Nei confronti di Massimo Pigozzi, il poliziotto dello strappo alla mano di Giuseppe Azzolina, poi suturata senza anestesia, i pm hanno chiesto 3 anni e 11 mesi. Le richieste di condanna sono contenute in 23 pagine e per leggerle il pm ha impiegato ieri circa un'ora. Nei prossimi giorni la pubblica accusa presenterà al tribunale anche una memoria di mille pagine. Unica assoluzione richiesta per Giuseppe Fornasiere, funzionario di polizia accusato, con gli agenti Amoroso, Sabia Colucci, Mulas, Nurchis e i due responsabili Baldassarre e Tolomeo, di falso ideologico compiuto nell'ufficio matricola. Avrebbero dichiarato che gli arrestati non volevano mettersi in contatto con i legali e con le ambasciate. Altri reati, contestati a vario titolo sono la violazione della convenzione per la salvaguardia dei diritti dell'uomo e delle libertà fondamentali, l'abuso di autorità nei confronti di persone arrestate o detenute, minacce, ingiurie, lesioni. Se fosse passato in Senato un disegno di legge varato a Montecitorio, per il reato di tortura e per il trattamento inumano e degradante sarebbe prevista l'imprescrittibilità e le pene varierebbero da 4 a 10 anni. Nel caso in esame, invece, i reati si prescriveranno quasi tutti nel 2009. A decidere sulle richieste di pena sarà il tribunale presieduto da Renato De Lucchi.

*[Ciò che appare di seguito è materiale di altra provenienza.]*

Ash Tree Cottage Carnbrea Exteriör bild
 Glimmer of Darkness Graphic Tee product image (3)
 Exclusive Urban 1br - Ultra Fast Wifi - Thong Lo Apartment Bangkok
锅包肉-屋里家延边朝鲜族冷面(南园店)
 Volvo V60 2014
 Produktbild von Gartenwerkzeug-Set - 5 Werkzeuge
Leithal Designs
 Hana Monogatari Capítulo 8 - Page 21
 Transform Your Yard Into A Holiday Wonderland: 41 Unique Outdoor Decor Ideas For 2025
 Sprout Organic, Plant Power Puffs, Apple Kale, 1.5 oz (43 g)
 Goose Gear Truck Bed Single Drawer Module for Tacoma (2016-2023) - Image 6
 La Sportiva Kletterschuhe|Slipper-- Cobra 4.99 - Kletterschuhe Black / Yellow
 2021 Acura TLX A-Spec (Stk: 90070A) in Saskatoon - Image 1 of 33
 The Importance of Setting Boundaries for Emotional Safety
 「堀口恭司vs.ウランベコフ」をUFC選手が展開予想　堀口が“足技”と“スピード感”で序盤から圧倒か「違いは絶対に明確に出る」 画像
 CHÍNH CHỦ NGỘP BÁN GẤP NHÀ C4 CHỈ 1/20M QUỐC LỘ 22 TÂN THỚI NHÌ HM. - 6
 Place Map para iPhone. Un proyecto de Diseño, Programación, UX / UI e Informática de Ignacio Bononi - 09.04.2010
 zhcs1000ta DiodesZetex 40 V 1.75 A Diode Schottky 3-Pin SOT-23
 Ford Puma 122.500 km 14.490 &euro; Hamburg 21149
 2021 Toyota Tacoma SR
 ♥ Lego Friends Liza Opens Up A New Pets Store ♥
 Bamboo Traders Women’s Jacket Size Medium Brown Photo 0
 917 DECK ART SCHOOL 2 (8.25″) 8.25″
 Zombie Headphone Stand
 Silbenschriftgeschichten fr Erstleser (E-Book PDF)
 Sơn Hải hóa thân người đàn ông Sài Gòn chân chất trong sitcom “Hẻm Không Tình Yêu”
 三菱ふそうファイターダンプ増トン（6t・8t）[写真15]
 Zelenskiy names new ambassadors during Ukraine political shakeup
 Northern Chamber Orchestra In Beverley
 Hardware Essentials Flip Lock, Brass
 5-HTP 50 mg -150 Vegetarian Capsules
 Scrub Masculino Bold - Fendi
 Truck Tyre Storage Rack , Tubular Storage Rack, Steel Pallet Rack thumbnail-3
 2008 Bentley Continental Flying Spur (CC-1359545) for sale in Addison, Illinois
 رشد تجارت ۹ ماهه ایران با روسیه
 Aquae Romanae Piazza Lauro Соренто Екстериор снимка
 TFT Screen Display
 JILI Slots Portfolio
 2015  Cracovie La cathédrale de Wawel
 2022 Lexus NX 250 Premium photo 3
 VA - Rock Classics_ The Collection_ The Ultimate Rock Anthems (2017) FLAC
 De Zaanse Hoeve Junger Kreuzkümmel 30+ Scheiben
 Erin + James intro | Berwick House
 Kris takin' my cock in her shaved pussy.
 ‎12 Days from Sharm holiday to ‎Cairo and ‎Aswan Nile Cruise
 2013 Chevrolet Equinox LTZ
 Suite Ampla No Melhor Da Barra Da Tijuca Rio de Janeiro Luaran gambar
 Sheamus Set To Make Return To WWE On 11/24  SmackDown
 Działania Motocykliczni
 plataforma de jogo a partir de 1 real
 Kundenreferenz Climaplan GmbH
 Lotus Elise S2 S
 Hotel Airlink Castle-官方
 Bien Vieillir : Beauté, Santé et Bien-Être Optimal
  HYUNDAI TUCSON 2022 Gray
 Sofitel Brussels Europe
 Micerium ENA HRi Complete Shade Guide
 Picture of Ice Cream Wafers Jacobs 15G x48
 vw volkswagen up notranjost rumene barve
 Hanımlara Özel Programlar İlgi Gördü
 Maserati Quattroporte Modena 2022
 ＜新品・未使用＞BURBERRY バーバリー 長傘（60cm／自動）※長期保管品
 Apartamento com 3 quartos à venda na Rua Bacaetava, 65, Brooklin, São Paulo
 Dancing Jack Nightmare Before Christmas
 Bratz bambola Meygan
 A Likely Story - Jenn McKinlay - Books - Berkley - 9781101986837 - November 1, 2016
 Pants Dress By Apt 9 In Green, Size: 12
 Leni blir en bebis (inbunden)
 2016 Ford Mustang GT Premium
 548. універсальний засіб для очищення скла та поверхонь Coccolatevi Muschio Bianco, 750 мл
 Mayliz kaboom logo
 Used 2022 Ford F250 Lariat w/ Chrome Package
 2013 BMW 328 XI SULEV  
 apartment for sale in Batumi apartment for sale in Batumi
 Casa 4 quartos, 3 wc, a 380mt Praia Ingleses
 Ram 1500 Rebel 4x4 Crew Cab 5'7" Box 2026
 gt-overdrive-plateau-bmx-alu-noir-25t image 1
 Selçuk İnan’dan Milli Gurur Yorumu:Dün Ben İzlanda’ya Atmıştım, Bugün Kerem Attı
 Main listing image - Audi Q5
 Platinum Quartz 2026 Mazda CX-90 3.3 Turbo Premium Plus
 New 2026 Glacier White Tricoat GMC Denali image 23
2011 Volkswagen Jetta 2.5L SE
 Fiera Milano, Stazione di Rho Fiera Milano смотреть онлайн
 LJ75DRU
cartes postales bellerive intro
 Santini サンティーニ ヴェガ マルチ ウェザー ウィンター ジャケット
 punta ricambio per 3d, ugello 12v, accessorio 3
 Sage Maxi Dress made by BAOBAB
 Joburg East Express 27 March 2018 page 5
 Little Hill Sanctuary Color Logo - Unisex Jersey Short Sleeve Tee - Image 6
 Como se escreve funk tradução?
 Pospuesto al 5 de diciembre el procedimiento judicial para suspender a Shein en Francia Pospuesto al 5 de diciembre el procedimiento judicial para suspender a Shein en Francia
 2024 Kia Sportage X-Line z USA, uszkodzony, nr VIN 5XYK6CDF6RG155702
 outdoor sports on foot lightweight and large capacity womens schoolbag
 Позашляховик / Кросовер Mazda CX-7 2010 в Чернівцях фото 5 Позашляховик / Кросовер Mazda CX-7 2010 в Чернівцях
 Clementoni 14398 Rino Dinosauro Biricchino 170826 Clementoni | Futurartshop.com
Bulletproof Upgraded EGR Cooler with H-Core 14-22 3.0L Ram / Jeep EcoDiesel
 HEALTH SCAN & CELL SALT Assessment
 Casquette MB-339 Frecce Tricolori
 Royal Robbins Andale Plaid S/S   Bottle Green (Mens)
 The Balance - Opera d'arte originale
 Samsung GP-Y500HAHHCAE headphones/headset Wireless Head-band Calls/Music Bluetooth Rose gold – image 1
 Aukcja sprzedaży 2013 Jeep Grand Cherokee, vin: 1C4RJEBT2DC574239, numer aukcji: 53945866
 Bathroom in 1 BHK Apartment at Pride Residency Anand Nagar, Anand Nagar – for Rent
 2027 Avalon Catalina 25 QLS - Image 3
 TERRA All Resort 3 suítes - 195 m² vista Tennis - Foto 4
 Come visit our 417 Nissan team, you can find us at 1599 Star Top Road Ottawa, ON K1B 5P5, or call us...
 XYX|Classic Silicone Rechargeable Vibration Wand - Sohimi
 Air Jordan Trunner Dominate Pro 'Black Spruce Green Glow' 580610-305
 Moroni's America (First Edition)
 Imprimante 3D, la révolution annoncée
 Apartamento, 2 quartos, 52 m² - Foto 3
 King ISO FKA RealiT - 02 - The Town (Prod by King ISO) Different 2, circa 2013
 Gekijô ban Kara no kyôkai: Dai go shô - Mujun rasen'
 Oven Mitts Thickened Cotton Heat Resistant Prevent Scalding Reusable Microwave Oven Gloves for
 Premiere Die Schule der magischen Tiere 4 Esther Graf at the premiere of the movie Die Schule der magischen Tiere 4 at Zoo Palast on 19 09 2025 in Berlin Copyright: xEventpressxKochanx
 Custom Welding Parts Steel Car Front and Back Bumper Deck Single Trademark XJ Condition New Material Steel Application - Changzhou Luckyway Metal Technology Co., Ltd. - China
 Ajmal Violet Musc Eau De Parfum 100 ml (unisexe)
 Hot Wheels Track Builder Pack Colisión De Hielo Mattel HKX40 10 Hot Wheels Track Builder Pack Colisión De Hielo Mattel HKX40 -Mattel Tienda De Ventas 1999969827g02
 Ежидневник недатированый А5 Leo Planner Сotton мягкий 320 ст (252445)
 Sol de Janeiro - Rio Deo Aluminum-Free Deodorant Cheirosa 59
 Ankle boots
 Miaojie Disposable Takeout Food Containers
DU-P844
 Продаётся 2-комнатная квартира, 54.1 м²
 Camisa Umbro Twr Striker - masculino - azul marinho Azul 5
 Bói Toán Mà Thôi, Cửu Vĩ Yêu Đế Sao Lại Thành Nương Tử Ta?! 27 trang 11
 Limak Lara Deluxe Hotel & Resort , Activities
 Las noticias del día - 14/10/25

Prescrizione a parte, la gravità delle accuse dimostra la necessità di indagare più a fondo sulla gestione complessiva dell'ordine pubblico a Genova. L'avrebbe potuto fare la commissione d'inchiesta che Rifondazione ha chiesto per sette anni e invano. A ricordarlo, dopo l'udienza, la senatrice uscente Haidi Giuliani (la madre di Carlo ucciso da uno dei carabinieri che presero parte alla carica illeggittima contro un corteo pacifico e autorizzato), il suo capogruppo Giovanni Russo Spena, il sottosegretario verde Paolo Cento e il deputato Francesco Caruso. Imbarazzanti le reazioni di alcuni sindacati di polizia. C'è chi sembra reclamare (Sappe e Osapp) l'impunità degli esecutori di ordini, come nell'Argentina di Videla, chi (il Sap), di fronte alle «notizie di reato qualificate» se la prende coi bassi salari, «come quelli di un bidello», che attirerebbero in polizia personale poco qualificato. E poco raccomandabile a quanto pare.